Brahimi says Syria talks not making much progress but hopes for take-off
Spokesperson for the Syrian National Coalition Louay Safi (R) arrives with an opposition delegation member Abdel Hamid Stayfo (L) to attend a meeting during the second round 'Geneva II' peace talks at the United Nations on Feb 11. AFP photoInternational mediator Lakhdar Brahimi said on Tuesday that peace talks between the Syrian government and opposition are not making much progress.
"The beginning of this week is as laborious as it was in the first week. We are not making much progress," he told a news conference in Geneva after a joint meeting of the two sides.
"Of course for it to really take off we need cooperation from both sides here and a lot of support from the outside."
Brahimi, who meets senior Russian and U.S. officials in Geneva on Friday, said he planned to report to U.N. Secretary General Ban Ki-moon and the Security Council within the next few weeks.
Syria's government delegation said no agenda had been agreed for peace talks in Geneva, blaming the opposition's refusal to discuss the issue of "terrorism".
"Another lost day because the representatives of the coalition insisted that terrorism in Syria does not exist and did not want to discuss it," said Deputy Foreign Minister Faisal Mekdad after a meeting with international mediator Lakhdar Brahimi on the second day of talks.
Homs evacuation suspended for day over 'logistics': governor
An operation to evacuate civilians from besieged rebel-held areas of Syria's third city Homs was suspended for a day on Tuesday because of "logistical problems," the provincial governor told AFP.
"Today, operations didn't take place for logistical and technical reasons," Homs governor Talal Barazi said, without elaborating.

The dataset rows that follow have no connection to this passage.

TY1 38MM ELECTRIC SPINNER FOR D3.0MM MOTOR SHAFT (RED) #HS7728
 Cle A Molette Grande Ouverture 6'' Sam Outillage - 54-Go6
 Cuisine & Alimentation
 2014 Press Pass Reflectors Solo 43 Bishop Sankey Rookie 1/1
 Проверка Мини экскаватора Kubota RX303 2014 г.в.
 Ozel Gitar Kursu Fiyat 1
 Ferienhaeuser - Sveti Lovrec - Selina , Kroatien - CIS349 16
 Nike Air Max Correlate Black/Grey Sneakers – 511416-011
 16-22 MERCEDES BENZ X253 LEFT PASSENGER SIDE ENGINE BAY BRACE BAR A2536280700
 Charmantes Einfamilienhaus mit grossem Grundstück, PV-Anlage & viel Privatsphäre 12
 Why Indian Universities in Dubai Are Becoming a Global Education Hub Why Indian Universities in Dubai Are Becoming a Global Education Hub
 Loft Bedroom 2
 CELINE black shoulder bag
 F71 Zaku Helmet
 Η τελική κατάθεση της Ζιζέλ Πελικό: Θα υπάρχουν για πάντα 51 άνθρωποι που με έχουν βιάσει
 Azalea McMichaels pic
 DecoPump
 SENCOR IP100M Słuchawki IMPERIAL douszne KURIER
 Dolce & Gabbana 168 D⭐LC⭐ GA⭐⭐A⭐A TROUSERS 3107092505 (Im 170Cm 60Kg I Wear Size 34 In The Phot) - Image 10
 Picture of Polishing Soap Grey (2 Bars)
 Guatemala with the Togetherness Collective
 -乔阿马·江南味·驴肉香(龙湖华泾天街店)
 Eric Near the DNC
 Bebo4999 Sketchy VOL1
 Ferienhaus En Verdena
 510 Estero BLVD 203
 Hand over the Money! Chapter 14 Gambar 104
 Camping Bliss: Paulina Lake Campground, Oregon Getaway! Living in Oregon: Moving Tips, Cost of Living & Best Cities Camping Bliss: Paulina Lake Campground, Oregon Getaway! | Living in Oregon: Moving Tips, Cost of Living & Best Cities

"The evacuation of civilians and delivery of food aid will continue tomorrow (Wednesday) morning," he added.
The Syrian Red Crescent has so far helped evacuate around 1,200 people trapped in rebel-held areas of the war-ravaged central city, and delivered desperately-needed food and medicine.
The work was made possible by a tenuous three-day truce, which was extended for another 72 hours on Feb .11 despite multiple violations, including shelling that killed 14 people and fire directed at aid convoys.
The humanitarian operation has been welcomed internationally, while U.N. officials and agencies have urged that the model be extended to other areas in Syria.
"I hope that those negotiating in Geneva agree to allow the sustained delivery of aid to the 250,000 people in besieged communities in Syria and all those who are in desperate need across Syria," said UN humanitarian chief Valerie Amos.
Russia slams UN draft on Syria
Meanwhile, Russian Foreign Minister Sergei Lavrov said on Feb. 11 that a draft of a new United Nations humanitarian resolution on Syria was unacceptable because it was "absolutely one-sided."
"The ideas that were shared with us by those initiating this process... are absolutely unacceptable and contain an ultimatum for the government, that if they don't solve all this in two weeks then we automatically introduce sanctions," Lavrov said in Moscow.
"Instead of engaging in everyday, meticulous work to resolve problems that block deliveries of humanitarian aid, they see a new resolution as some kind of simplistic solution," he said.
U.N. diplomats have tried to persuade Russia to back a new resolution, drafted by Australia, Jordan and Luxembourg, which "demands that all parties, in particular the Syrian authorities, immediately end the sieges of the Old City of Homs."
But Lavrov said focusing on one city and the government's role was "absolutely one-sided and detached from the facts." "It's as if there are no witness accounts, even from the humanitarian agencies, that the militant groups are the main impediments to the humanitarian operation in Homs and in delivering humanitarian aid to the Yarmouk Palestinian refugee camp," he said.
He added that other Syrian cities like Zahra and Al Hasakah also need to be unblocked, and that the U.N. needed to focus more on the spread of terrorism in the war-torn country.